In agreeing to the proposal to allow additional resource types to be described using RIF-CS, the RIF-CS Advisory Board (RAB) asked that ANDS provide greater clarity around the use of all collection types and provide examples.
The first five in the list of eight types below are existing collection types. The first four types (‘catalogueOrIndex’, ‘collection’, ‘registry’, ‘repository’), and their definitions are taken directly from the IS0 2146 standard. These types and definitions remain unchanged to ensure compliance with the standard.
The ‘dataset’ type and definition were introduced to support business requirements for the ANDS Registry. To ensure consistency and continuity, this type and definition, also remain unchanged.
The final three collection types listed below have been recently approved by the RAB to support the business requirements of ANDS and other users of RIF-CS. They will be implemented with version 0.1.7 of the schema.
Explanatory text and examples have been provided for all collection types, noting that exemplar records in RDA do not yet exist for all types, in particular, the three newly approved types. The information provided here is intended to assist providers to answer the question “which collection type should I choose?”
Collection types and definitions
- catalogueOrIndex: collection of resource descriptions describing the content of one or more repositories or collective works
- collection: compiled content created as separate and independent works and assembled into a collective whole for distribution and use
- registry: collection of registry objects compiled to support the business of a given community
- repository: collection of physical or digital objects compiled for information and documentation purposes and/or for storage and safekeeping[RG(WC1]
- dataset: collection of physical or digital objects generated by research activities
- software: one or more items that collectively represent a software product; including computer instructions (ranging in format from machine code to high-level programming languages); and associated non-executable items such as documentation.
- classificationScheme: a list or arrangement of terms used in a particular context eg. ontologies, thesauri
- publication: scholarly material consisting mainly of written text eg journal publications, book chapters
Definitions with explanatory text and examples
catalogueOrIndex: a collection of resource descriptions describing the content of one or more repositories or collective works
This type should be used to describe the content of one or more repositories or collective works usually associated with an institution or subject discipline. A catalogue or index may be local, regional, national or international. Usually it will consist solely of resource descriptions but it may also contain full-text indexes to the digital content that it describes.
An example of this type is:
World Bank Data Catalog: a listing of available World Bank datasets, including databases, pre-formatted tables, reports, and other resources.
Catalogues and indexes may themselves be described in a registry.
collection: compiled content created as separate and independent works and assembled into a collective whole for distribution and use
This type should be used to describe a collection of objects, grouped according to a shared criteria, which are stored and managed as a collective group.
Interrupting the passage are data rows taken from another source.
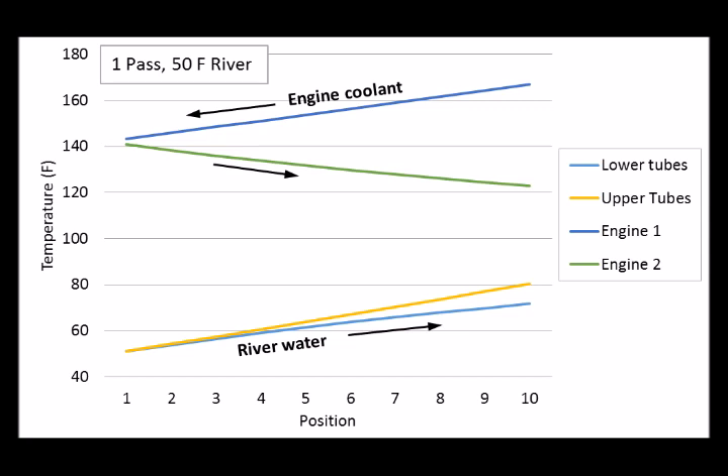You might wonder why higher-speed water has a better heat transfer coefficient. It has to do with breaking up the boundary layer against the inside of the tube walls — the water itself acts as an insulating layer. If you can break that up and get cold water against the tube wall, overall heat transfer is better. That breakup happens more effectively at higher velocity. For completeness, I also tried the model assuming 75°F river water temperature, and came to the same conclusion: three-pass is better than single-pass.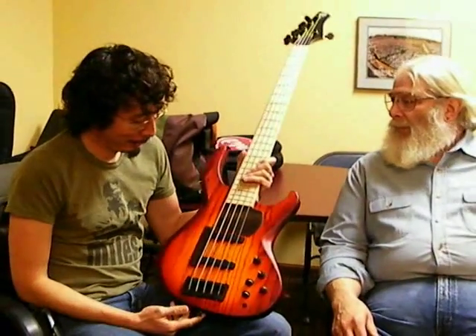Hey, how you doing? Norm Stockton here with Michael Tobias, luthier extraordinaire, and the MTD J5 number two. What's the basic scoop with this? The fact that you called and said Lincoln wanted you to use a jazz bass instead of the other one frustrated me.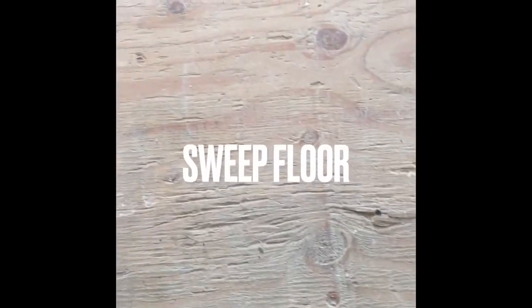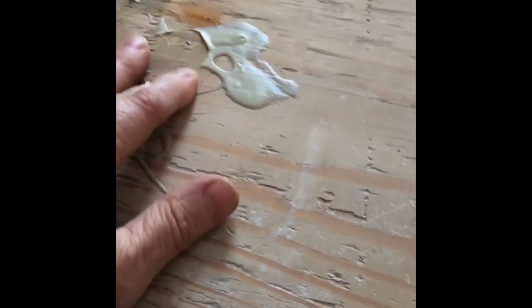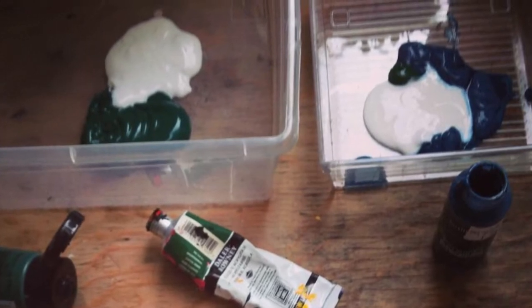The subfloor doesn't even have to be perfectly clean — there's some stuff that has to come up, like that big lump, but something like that will be okay. The main thing in the beginning is to make a very wet surface, because you're working with fiber. A dry floor will be less able to soak in the glue, and you want to adhere all the little fibers into the glue — a mix of glue and acrylic paint all together.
This may be a collection of similar object types with a common theme such as a collection of music audio files. See for example in Research Data Australia:
Shanghai Ancient Music Ensemble performing Tang Music reconstructions: a collection of recordings of the Shanghai Ancient Music Ensemble.
It may also be a collection of different object types brought together around a particular topic, subject or project. See for example in Research Data Australia:
Braided Channels: a collection of materials about Australia women, land and history in Queensland’s Channel country. The collection is comprised of oral history files, archival film, transcripts, photos and music.
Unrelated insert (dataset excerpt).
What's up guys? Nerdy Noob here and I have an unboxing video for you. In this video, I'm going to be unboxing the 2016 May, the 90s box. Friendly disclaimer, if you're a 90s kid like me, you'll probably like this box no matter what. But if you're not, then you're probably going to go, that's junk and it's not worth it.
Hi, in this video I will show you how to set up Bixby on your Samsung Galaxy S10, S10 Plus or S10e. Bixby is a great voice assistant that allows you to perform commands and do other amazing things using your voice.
It should be noted that where the appropriate collection types exist, a provider may also, or instead, choose to describe components of a collection separately. For example, where a collection is comprised of a dataset and software, separate descriptions would enable each component of the collection (ie the dataset and the software) to be individually discoverable and citable. These separate descriptions should be connected via the relatedObject element to facilitate discovery of all related components.
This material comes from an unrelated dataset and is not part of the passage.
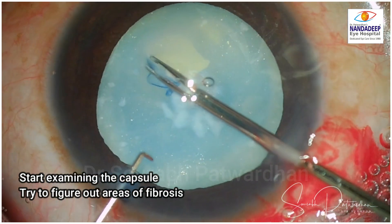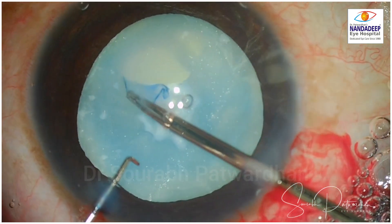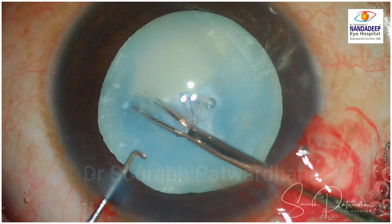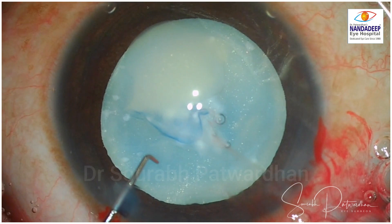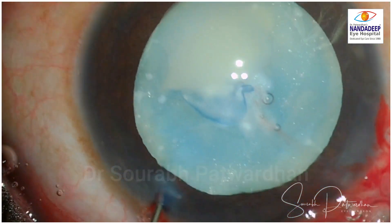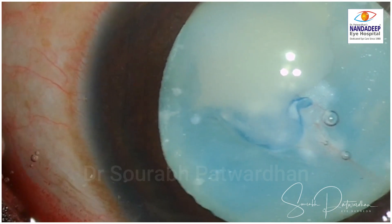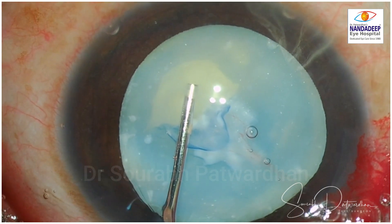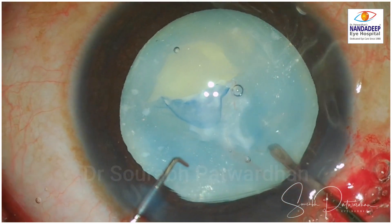Once I made a nick in the capsule, I started doing capsulorhexis using the forceps. Remember, always pull this flap tangentially and never radially, as zonules may give away if you pull centripetally with force. Here I stopped because you can see the tear is trying to go radially out — that is a red flag sign. I had to stop and aspirated the liquefied cortex to get a clearer view.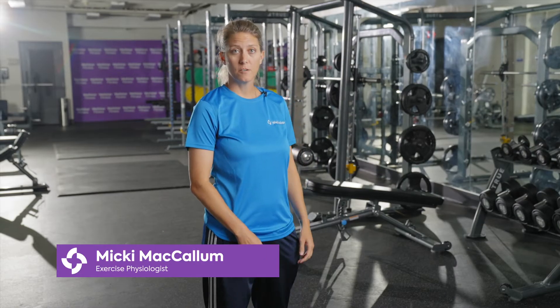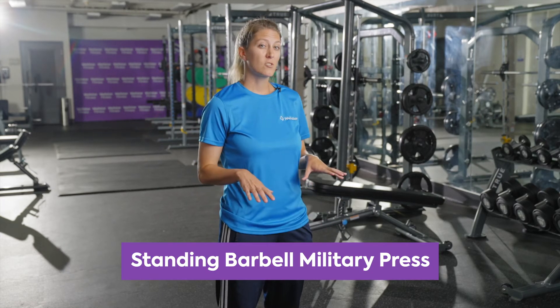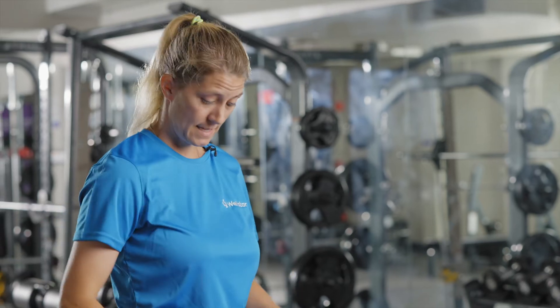Hey guys, it's Miki from Wellstar Fitness and today I'm going to show you how to do a standing barbell military press. This exercise is great for working the front of the shoulders, but it also works the stabilizing muscles of the back and the legs.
registry: a collection of registry objects compiled to support the business of a given community.
This type should be used to describe a collection that consists solely of resource descriptions or metadata records. These records may describe catalogues, indexes, repositories or collections.
repository: a collection of physical or digital objects compiled for information and documentation purposes and/or for storage and safekeeping.
This type should be used to describe a collection of digital or physical research objects sharing a managed storage location. A repository is usually associated with an institution or subject discipline.
An example of this type in Research Data Australia is:
Clinical Research Data Repository: contains clinical research data such as MRI brain imaging data, EEG data and neuropsychology test data
Other resources that could be described as collection type=’repository’ include:
Repositories may store and provide access to other collection types such as datasets, source code, collections and publications.
dataset: a collection of physical or digital objects generated by research activities
This type should be used to describe structured data that is an input to, or output of research. This may include scientific observations, remote sensing data, survey transcripts and photographs.
Examples of this type in Research Data Australia include:
software: one or more items that collectively represent a software product; including computer instructions (ranging in format from machine code to high-level programming languages); and associated non-executable items such as documentation.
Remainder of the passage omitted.